* Description of the task: Print, in exact form, the lines below from the one containing "Chậu rửa dương bàn Inax L-295V" through the one containing "Aurelia Solitaire Earring", and omit all others.

* Records to use:
• • •

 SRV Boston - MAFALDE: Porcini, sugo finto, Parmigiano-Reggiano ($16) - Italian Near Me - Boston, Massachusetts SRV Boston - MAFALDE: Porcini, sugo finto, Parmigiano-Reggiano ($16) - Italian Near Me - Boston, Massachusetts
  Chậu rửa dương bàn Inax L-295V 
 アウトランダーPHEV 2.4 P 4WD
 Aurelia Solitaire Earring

• • •

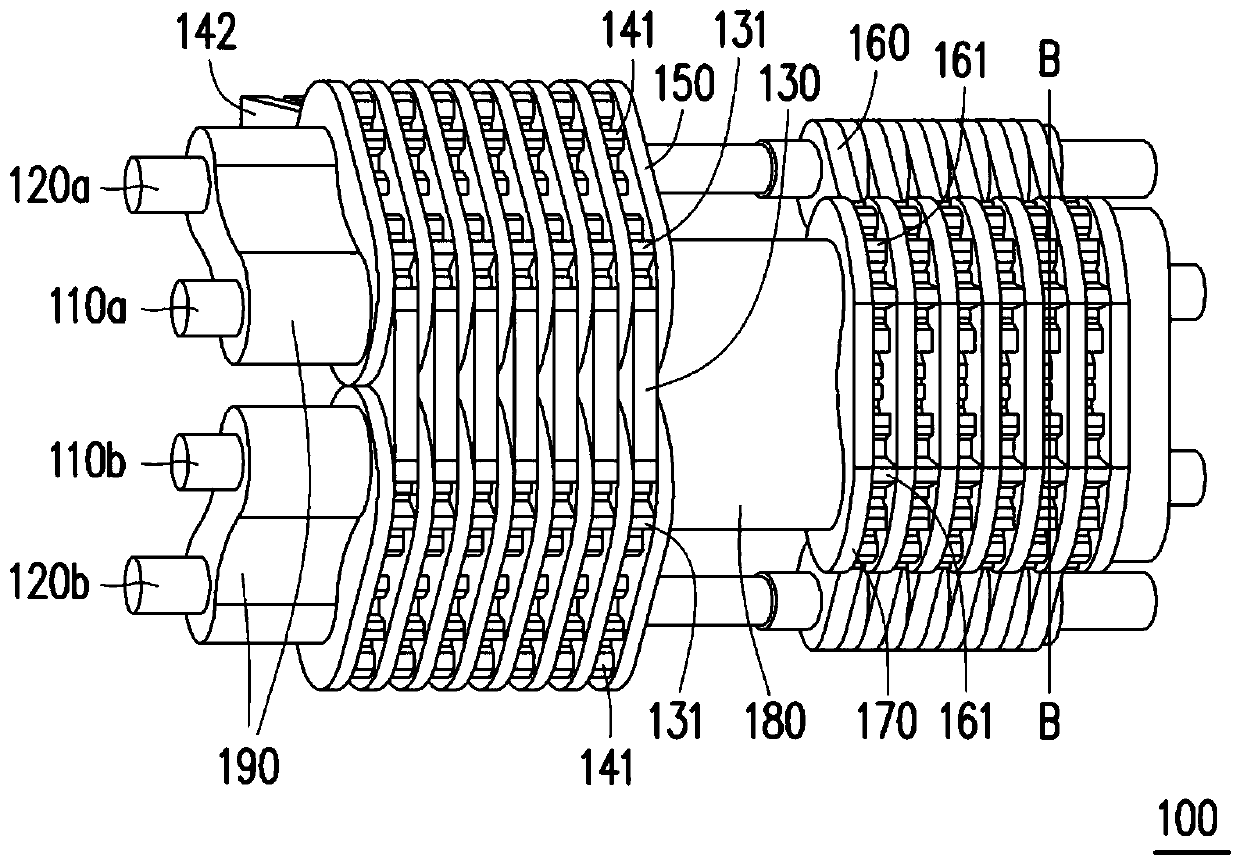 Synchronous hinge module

• • •

* Final answer:
  Chậu rửa dương bàn Inax L-295V 
 アウトランダーPHEV 2.4 P 4WD
 Aurelia Solitaire Earring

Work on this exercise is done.